Our TAs this year did a fantastic job. Amanda Charbonneau was the overall "cruise director", and Aswathy Sebastian, Will Pitchers, Elijah Lowe, and Qingpeng Zhang served as TAs.

How did the course go this year?

Each year we do an end-of-course discussion where I try to stay quiet as the students dissect all of the bad decisions I made in organizing the course. This year, I took a page from Greg Wilson's handbook and made the students offer up one good thing and one bad thing -- every student had to provide at least one of each, and they had to be non-overlapping. We didn't entirely succeed at getting completely non-overlapping feedback, but the lists are still interesting and informative:

I think my favorite is "Good: covered a lot of material; bad: covered A LOT of material!" although "I am worried that we now have a false sense of hope" comes in as a close second. Meg Staton should feel proud that one of the comments boiled down to "more Meg", although it came out as "more of Meg's flowcharts." And of course there's the always popular opinion that "if only you'd given us more to read up front, we'd have come better prepared", which in my experience is an incredibly over-optimistic lie, if well intentioned :).

Assessing the workshop

This is now the third year we've run assessments on the workshop. Our expert assessment company, StemEd LLC, hasn't yet finished the assessment report for 2014, but you can read the 2012 and 2013 evaluations here and here. These aren't complete assessments -- we are still working on processing the long-form answers -- and they are somewhat superficial, but overall paint a very positive picture of the workshop. This is in line with what we hear from the students both informally throughout, as well as more formally at the end-of-workshop discussions.
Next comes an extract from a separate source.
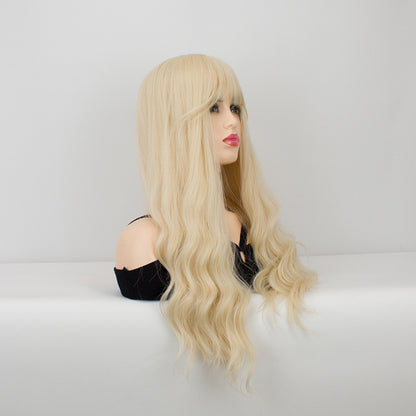 Qi Bangs Purple Silk Gradual Change Chemical Fiber Wig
One thing that surprised me this year (and I'm mentioning it because I wouldn't have noticed if someone hadn't said it for their "one good thing") was that people commented very positively on the diversity of students, who came from all over the world (we covered all but two South American countries!), had many different research backgrounds and interests, and were at many different career stages. While we are in fact tempted to roll dice to choose the students (this year, we accepted 24 of 170 applicants), we actually do spend some time trying to balance the class -- and it seemed to work well this year!

Next years' plans

We are planning to run the workshop against next year, at about the same time and in the same place, but there are some potential complications. (More about those soon.)

The biggest change that I think I'm going to put into place next year is that the first ~5 days will be paced much more carefully. Some people come in with a lot of self-confidence and some solid expertise, while others come in with little of either; the latter group is really sensitive to being overwhelmed, while the former group is usually eager to drink from the firehose (sometimes until they see just how high we can turn up the pressure, hah). I plan to address this by making the first 5 days all about gentle-but-thorough introductions to UNIX, mapping, assembly, and scripting. In my experience, even the people who come in with some knowledge get a lot out of the more thorough introductions. Then in the second week we'll go crazy with a range of subjects.

As part of this change, I may restrict the first week lecturers to trained Software Carpentry instructors. This would include Adina Howe, Meg Staton, and Martin Schilling, as well as myself (although I'd like to offer to pay for other instructors to do the in-person training if they were interested). From what I observed, people who haven't gone through Greg Wilson's training bootcamp are really lacking in an ability to "read" the classroom - for one, they don't pay enough attention to stickies, and for another, they are often too enthusiastic to get to the cool stuff. These instructors are incredibly valuable after people have learned to tread water, but can too easily drown students in the first week. I got a lot of feedback this year that they needed to be introduced more carefully. (There are some people that are just ill-suited to instructing non-experts, but I tend not to invite them -- I'm thinking of the first lecture at another workshop, which (literally) started with "OK, now after compiling and installing my software package, fire up vi and edit the config file to reflect your local system settings. Then run the program on the first demo file XXXX.")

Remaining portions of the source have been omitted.